Hi,
On 2016-03-23 10:19, Nathan Scott wrote:
> ----- Original Message -----
>> On 2016-03-03 20:42, Marko Myllynen wrote:
>>>
>>> PCP has very complete coverage for system and supporting applications /
>>> infrastructure metrics (like containers, 389 Directory Server, KVM,
>>> Oracle, PostgreSQL, etc.) but there are lots of places where Java
>>> performance metrics would be essential to have in the mix as well.
>
> +1 ... it's high time we tackled this area, so thanks for kick-starting
> a new effort in this direction, Marko. Apologies up-front that my reply
> has turned into an essay too, like your earlier mail, and taken awhile.

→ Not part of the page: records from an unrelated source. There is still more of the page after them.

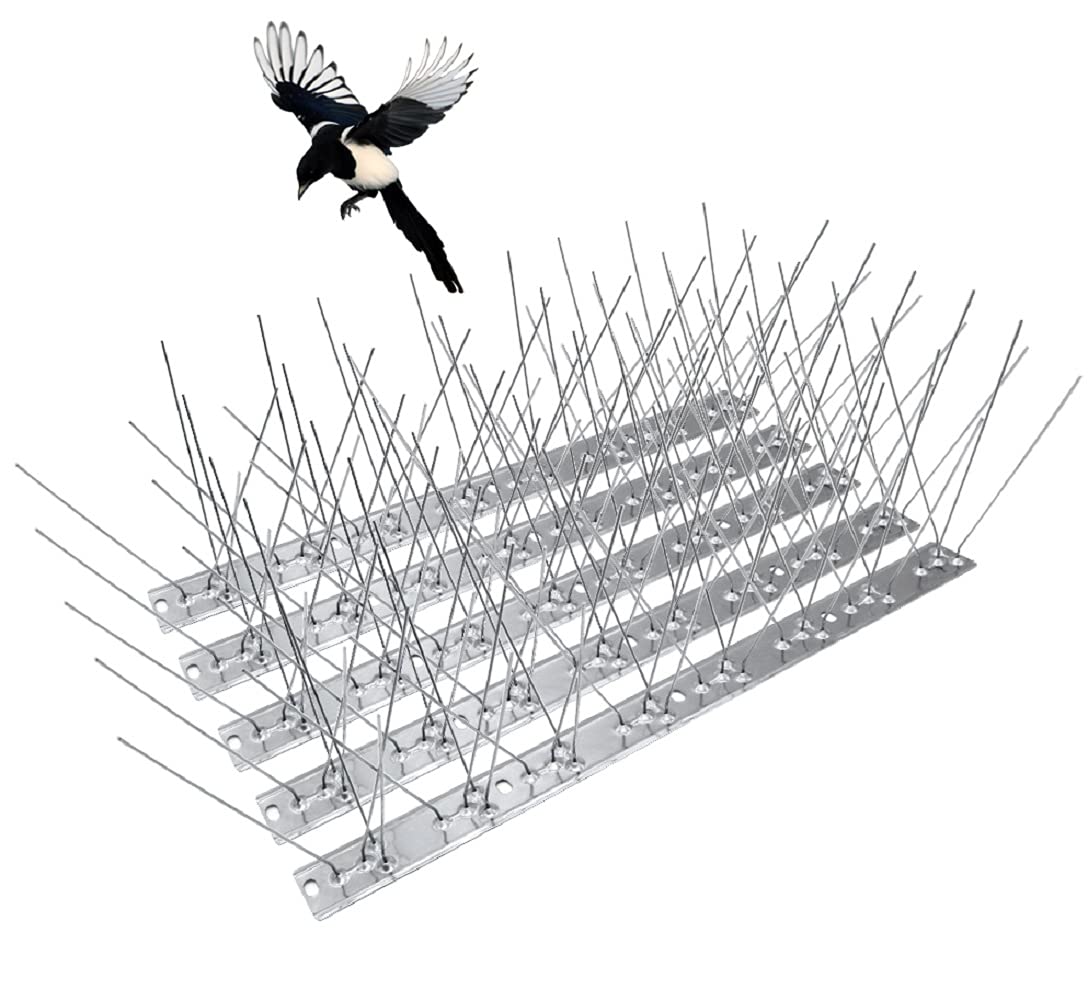 Bird Spikes 50cm - Image 2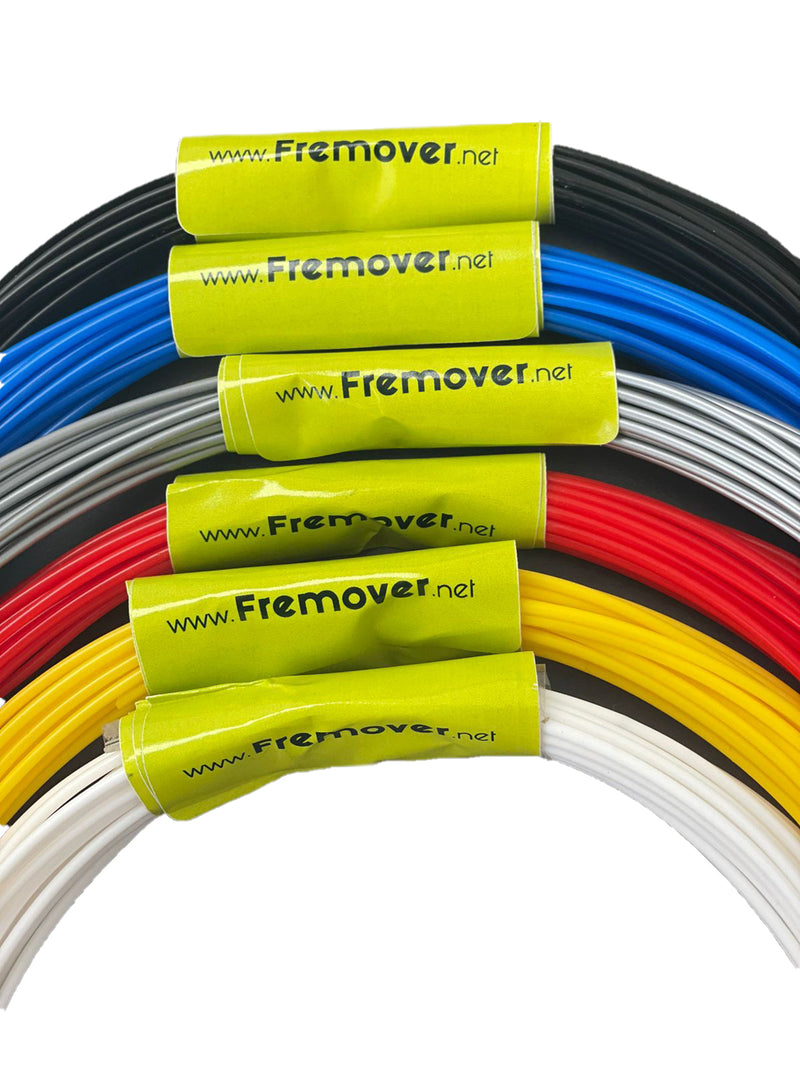 Filament - 10-Pack - 10mts/32ft each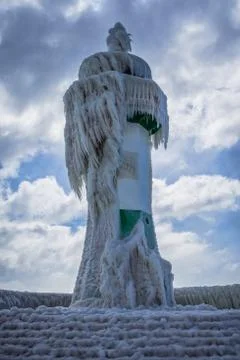 Lighthouse Stock Photos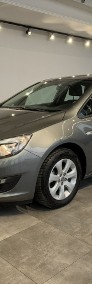 Opel Astra J Enjoy 1.6 116KM M5 2018 r., salon PL, I właściciel, 12 m-cy gwarancj-4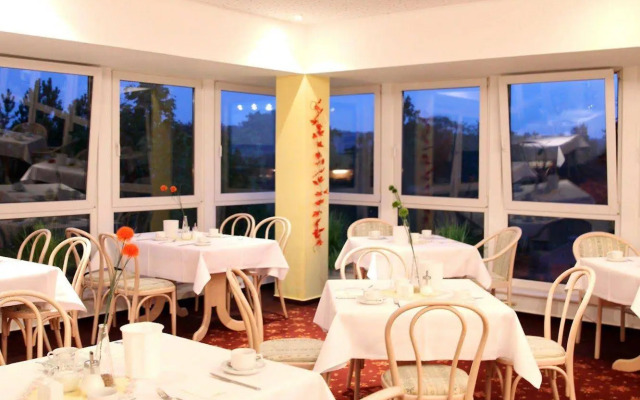 Sonnenhotel Feldberg am See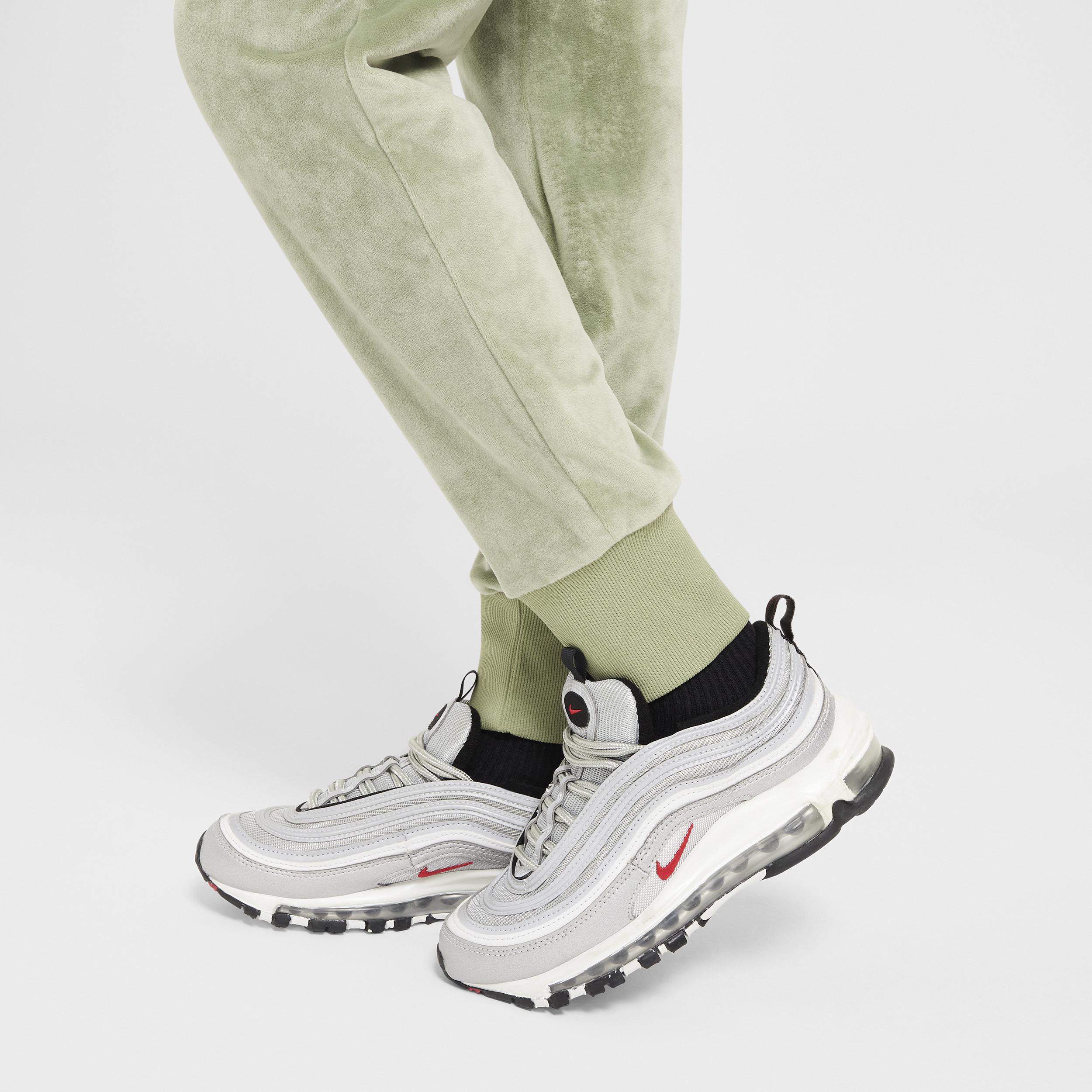 Unisex Nike Sportswear Girls' Jogger Pants Product Image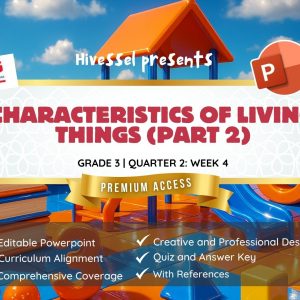 Science 3 Quarter 2 Week 4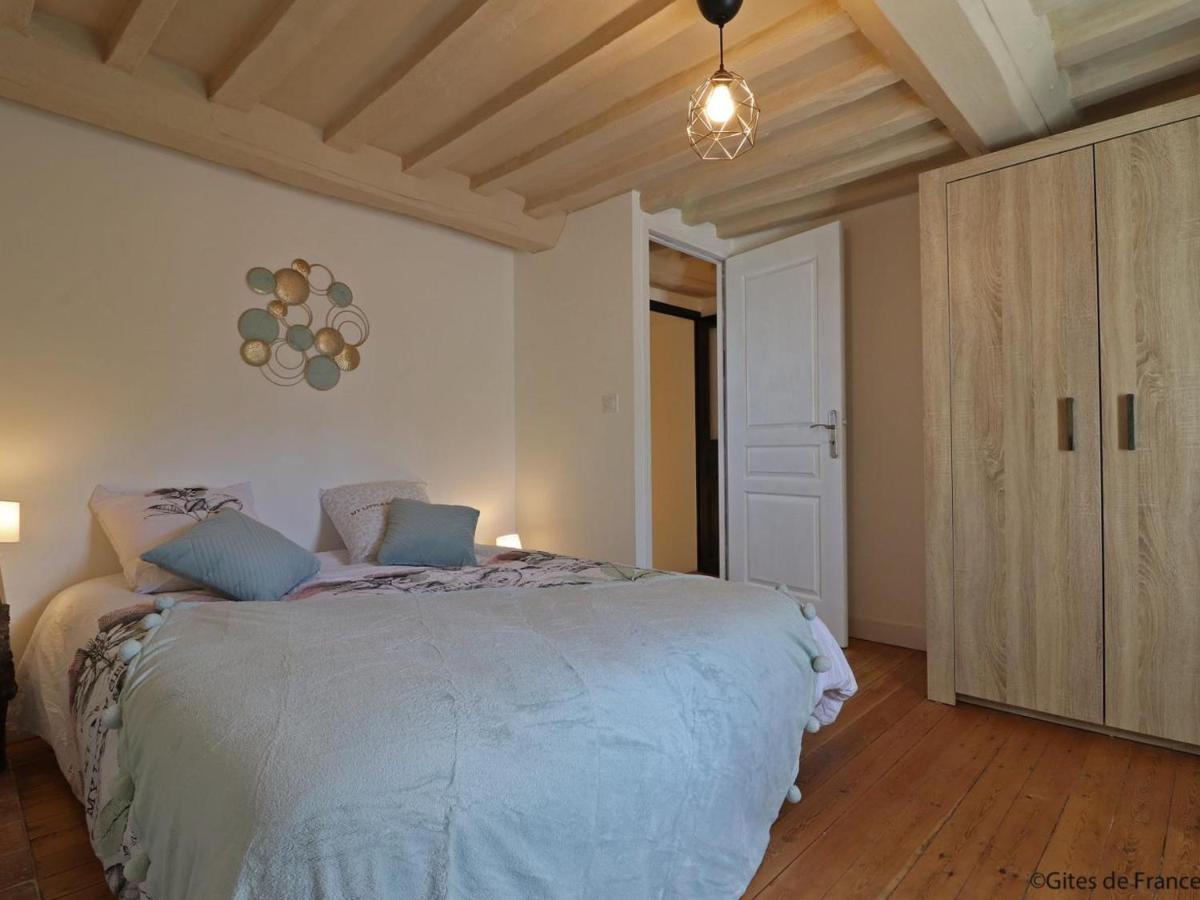 Charmante maison de campagne en pierre avec WIFI, terrasse et jardin clos - Chambres d'hôtes Merri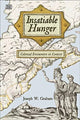 Book cover of: Insatiable Hunger - Colonial Encounters in Context. By: Joseph Graham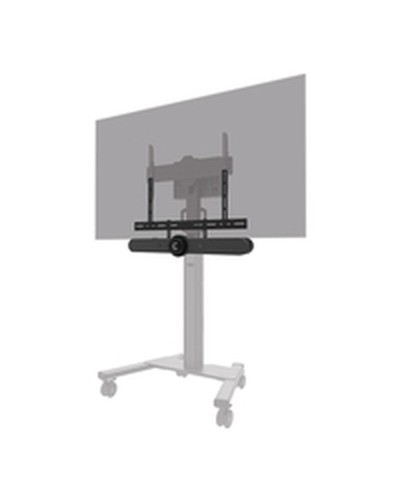 Support de table d'écran Neomounts AV30-500BL 43" 110"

It's good to hear that I'm not the only one interested in this area, it
perhaps looked that way given that there's nothing Java related on PCP
roadmap (http://pcp.io/roadmap/).
>>> https://myllynen.fedorapeople.org/pcp-jmx/
>
> The approach pmdajmx has taken has some drawbacks to my eye (that eye
> being jaded^Wfiltered based on experience doing several years of Java
> analysis in a previous life) ...
I think for the sake of those following the thread but not knowing the
history it could be mentioned that the earlier PCP/Java PMDA was the
pmdajstat [1] which was basically a parser for jstat(1) [2] output:
1) http://oss.sgi.com/cgi-bin/gitweb.cgi?p=pcp/pcp.git;a=commit;h=58f3940
2) http://docs.oracle.com/javase/6/docs/technotes/tools/share/jstat.html
> - Running a separate Java process (in addition to a separate perl PMDA)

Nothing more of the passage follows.